Extrapolation VS Covariant shift

In Course 2, Andrew make a good example that we could use batch norm to train the ML program be more generic such that when we feed in image of black cat, we could generalize well to recognize color cat as well. Yet, in machine learning course offered by Sandford university, Andrew also pointed out we need to be cautious about the extrapolation problem which we try to predict house prices not fall in our training boundaries, An extreme example may be if we have training examples for house price in Boston, it seems weird using that to predict the house price in London. But my problem is that how could we differentiate between these two cases?
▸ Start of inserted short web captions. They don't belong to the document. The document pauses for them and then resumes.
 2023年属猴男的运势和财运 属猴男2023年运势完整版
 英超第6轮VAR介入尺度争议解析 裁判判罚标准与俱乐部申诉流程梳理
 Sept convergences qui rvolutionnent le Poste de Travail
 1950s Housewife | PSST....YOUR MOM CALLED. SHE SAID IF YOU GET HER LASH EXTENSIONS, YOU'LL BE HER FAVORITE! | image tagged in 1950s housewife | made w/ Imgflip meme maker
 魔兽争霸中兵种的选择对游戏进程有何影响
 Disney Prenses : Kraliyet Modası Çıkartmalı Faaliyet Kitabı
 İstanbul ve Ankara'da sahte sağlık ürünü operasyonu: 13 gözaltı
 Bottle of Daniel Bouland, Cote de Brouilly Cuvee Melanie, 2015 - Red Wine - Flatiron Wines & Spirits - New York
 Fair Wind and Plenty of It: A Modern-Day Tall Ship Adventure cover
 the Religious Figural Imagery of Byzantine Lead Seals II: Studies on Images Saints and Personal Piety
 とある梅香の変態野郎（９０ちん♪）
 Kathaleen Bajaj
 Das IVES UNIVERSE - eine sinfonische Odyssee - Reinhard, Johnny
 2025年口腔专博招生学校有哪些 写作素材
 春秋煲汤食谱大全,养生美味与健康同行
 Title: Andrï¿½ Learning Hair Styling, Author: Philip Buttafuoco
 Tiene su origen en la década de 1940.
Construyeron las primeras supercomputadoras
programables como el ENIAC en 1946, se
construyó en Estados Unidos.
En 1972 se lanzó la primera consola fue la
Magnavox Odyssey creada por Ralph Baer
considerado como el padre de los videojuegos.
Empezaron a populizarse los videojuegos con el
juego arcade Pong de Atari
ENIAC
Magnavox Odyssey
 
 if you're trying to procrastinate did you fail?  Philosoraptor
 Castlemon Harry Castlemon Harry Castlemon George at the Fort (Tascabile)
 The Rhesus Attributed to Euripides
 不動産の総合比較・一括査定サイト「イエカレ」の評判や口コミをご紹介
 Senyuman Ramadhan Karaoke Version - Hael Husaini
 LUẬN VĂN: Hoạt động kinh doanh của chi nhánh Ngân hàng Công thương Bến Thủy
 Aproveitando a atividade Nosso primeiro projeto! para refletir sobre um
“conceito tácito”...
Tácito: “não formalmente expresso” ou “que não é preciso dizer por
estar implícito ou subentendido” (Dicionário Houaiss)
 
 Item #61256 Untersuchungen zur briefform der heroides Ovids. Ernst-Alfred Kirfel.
To what extent should we be confident that we are using batch norm for “proper new type of example” that are not doing extrapolation.

Hope members/mentors could give some good insight.
Many thanks.

Hi @jackchan.hk,

That’s a good question. Off the top of my head, these are the reasons why these two problems differ massively.

  • The cat problem is that of classification (1/0, yes/no), and the house pricing is that of prediction, or regression if you wanna call it, where it is not a yes or no kind of thing, but more like a numerical value that you are predicting.
  • The cat problem is pretty straight forward and more generalised. What I mean by that is, a cat is a cat, anywhere it may be in the world. UK, US… no external factors matter on the classification of that animal, whereas the house pricing is not a generalised problem, in different parts of the world, and even different cities of the same country, the housing prices are dependent on several different factors.

Thank you so much, @Mubsi . I have thought days, and the point of “external factors” really sound. Given a cat picture, SUFFICIENT information is captured in a black cat image. By means of sufficient, we are confident that a normal human could draw similarities between black cat and color cat so that we could learn from black cat image to identify a color cat. Therefore, we could use batch normalization. Yet, for house price prediction, certainly house price in one area is not sufficient enough to generalize the house price in another, and we believe it’s extrapolation.